86. At first instance, in Stone v. Federal Commissioner of Taxation[35] Hill J drew a distinction between genuine prize money and appearance money. He said:[36]

However, the reference to income producing activity does not refer to something that is neither a business, nor an employment or where the reward is not for services rendered in the sense that s 26(e) requires.
No doubt prize money would likewise be an incident or product of any business which an athlete carried on as a professional athlete. But, with respect to the submissions, I do not think that merely because an amateur athlete wins a prize as a result of sporting prowess that the amount in question is income. Whether it is income will turn on the nature of the activity which the athlete pursues, not the fact that it is a prize as such. The question is different, however, where the athlete receives an amount for participating, whether or not the athlete secures a place. In my view such amounts are not prizes, but reflect a receipt which is dependant upon services, in the sense of merely showing up to participate.

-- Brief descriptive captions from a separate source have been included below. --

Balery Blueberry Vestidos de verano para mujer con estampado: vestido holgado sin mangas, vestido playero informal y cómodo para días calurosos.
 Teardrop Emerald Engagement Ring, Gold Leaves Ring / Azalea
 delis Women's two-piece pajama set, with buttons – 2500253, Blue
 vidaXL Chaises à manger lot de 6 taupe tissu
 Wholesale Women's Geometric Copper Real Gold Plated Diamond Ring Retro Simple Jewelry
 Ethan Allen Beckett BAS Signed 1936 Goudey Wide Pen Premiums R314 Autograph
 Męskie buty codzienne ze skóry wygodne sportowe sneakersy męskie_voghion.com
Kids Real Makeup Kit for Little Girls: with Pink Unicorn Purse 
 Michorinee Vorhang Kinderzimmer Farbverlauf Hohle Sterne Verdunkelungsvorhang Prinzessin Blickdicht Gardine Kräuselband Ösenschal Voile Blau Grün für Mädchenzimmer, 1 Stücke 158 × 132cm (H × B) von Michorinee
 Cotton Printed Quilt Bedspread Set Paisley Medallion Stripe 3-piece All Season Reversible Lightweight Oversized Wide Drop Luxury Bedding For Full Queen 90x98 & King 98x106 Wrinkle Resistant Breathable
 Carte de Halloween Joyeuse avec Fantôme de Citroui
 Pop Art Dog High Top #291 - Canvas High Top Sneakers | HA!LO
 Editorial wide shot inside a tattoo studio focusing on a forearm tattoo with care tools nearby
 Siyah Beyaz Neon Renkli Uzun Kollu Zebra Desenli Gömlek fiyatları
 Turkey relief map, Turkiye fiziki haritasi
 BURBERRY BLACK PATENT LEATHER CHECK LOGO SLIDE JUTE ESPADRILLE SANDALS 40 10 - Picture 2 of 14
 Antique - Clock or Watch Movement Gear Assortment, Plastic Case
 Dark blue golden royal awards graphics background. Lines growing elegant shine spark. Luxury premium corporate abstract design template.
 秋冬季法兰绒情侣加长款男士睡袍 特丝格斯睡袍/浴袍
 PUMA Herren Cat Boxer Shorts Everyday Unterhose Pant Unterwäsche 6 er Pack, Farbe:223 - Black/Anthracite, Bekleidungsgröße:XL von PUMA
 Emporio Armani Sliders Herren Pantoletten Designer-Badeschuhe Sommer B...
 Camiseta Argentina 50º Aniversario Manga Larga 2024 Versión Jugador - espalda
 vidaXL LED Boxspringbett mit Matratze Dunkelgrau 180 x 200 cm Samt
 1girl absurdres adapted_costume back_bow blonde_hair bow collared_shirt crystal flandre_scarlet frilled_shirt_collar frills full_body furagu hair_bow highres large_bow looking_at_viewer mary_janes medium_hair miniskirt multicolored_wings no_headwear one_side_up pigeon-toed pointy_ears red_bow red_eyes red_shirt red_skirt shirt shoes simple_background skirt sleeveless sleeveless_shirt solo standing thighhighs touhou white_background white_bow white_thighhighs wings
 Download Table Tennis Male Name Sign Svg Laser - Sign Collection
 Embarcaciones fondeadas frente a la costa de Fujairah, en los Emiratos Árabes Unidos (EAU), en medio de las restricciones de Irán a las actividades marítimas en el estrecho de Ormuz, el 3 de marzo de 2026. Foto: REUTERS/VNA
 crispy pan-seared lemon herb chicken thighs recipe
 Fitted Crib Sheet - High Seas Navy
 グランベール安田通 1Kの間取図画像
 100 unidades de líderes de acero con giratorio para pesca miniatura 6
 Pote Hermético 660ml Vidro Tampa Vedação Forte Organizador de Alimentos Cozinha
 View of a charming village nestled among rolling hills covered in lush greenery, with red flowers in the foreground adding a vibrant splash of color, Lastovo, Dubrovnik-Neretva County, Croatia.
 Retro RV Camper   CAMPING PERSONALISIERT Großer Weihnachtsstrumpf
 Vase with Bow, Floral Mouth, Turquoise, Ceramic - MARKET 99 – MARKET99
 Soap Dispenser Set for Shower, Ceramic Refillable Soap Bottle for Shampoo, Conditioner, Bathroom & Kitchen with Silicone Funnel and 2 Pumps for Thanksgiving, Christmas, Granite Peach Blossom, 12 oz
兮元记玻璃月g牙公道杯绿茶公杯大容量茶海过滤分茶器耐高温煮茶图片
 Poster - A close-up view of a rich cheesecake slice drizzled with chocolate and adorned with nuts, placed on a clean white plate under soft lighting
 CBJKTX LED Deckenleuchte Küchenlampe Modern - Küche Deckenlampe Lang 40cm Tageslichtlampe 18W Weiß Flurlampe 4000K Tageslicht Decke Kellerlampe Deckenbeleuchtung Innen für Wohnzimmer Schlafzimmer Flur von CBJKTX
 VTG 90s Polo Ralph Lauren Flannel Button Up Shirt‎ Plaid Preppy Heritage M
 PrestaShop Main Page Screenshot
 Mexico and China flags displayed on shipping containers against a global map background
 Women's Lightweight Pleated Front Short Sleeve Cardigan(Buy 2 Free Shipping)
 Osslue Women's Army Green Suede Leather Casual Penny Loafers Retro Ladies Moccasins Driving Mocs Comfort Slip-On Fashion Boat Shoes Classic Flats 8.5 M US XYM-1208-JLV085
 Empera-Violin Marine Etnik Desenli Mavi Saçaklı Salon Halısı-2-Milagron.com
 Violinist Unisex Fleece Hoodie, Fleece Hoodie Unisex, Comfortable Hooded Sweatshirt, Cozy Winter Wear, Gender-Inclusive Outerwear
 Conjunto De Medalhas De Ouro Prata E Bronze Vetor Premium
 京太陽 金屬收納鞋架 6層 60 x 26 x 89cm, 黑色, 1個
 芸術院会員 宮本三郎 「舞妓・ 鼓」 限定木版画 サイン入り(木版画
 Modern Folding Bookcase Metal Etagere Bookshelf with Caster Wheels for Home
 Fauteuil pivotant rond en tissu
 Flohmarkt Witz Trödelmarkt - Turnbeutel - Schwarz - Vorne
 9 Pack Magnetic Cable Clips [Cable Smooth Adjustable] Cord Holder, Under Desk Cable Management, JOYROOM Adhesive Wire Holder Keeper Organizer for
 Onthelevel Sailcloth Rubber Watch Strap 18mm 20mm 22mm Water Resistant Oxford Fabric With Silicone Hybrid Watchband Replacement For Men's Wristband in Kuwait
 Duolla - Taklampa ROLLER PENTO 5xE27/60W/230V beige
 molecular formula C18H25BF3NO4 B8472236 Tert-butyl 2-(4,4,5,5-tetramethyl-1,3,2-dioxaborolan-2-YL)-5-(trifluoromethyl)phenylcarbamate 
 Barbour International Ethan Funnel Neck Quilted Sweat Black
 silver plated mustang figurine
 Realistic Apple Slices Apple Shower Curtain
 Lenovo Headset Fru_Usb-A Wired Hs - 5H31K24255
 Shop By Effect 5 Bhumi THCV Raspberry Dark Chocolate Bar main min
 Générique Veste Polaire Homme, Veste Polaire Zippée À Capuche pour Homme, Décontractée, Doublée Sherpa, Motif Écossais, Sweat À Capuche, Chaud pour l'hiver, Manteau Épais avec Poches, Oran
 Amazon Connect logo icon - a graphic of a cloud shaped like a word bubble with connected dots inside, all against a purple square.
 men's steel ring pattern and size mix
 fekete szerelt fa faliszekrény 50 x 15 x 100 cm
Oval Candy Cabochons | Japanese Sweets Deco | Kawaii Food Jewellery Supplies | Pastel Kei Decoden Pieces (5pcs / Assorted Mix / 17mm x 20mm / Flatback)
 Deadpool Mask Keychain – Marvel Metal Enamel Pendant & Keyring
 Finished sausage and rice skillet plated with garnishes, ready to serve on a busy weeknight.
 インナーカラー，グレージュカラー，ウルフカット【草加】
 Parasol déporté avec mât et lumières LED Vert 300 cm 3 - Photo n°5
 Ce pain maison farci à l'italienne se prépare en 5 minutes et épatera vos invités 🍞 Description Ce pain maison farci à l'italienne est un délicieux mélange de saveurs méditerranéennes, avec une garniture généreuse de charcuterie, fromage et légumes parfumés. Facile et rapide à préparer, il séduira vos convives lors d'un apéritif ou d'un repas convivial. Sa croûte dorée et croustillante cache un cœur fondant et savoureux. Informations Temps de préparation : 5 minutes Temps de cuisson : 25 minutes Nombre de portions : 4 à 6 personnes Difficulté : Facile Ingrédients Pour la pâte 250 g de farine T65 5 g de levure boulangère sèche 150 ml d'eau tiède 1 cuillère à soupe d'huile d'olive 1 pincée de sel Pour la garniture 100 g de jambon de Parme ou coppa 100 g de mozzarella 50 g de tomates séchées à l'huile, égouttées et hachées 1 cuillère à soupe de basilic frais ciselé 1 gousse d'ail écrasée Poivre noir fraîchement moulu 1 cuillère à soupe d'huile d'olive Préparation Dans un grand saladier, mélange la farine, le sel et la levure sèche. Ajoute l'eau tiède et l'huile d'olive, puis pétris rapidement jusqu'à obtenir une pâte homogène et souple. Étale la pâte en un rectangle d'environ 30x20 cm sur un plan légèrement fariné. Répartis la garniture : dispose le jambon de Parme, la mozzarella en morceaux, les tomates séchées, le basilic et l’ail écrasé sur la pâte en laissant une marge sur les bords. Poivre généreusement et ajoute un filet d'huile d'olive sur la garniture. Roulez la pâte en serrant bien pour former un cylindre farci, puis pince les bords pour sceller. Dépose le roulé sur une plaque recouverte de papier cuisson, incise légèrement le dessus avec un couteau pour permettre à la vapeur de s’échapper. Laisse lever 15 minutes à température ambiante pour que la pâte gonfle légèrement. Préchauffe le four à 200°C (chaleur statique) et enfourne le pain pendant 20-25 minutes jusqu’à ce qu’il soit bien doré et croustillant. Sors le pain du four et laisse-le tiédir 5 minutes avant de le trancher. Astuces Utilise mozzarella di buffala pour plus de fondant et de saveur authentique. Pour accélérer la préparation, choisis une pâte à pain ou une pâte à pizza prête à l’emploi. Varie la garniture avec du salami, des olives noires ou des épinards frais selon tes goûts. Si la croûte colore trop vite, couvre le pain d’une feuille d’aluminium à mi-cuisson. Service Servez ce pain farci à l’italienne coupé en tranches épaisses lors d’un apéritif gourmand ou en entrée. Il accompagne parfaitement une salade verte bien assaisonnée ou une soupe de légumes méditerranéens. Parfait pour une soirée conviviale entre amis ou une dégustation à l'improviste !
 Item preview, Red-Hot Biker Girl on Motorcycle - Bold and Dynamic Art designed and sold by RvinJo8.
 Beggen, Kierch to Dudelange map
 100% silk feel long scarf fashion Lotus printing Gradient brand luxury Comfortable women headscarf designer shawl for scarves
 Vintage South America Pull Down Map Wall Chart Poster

87. Hence, a distinction is to be drawn between payments that are made because of a result achieved due to the person's 'sporting prowess' and payments made in order to secure the sportsperson's participation regardless of whether they secure a place.[37]

88. Prize money is paid to a sportsperson on achieving a certain level of success in a competition. Although participation in the sport using the sportsperson's physical or personal skills is a prerequisite to achieving the relevant result, the entitlement to the prize money arises because of the result achieved. Mere participation in the sport does not give rise to the entitlement to be paid the prize money. Therefore, where the purpose for the payment is to reward or acknowledge a result achieved, the sportsperson receiving the payment would not be an employee under paragraph 12(8)(a).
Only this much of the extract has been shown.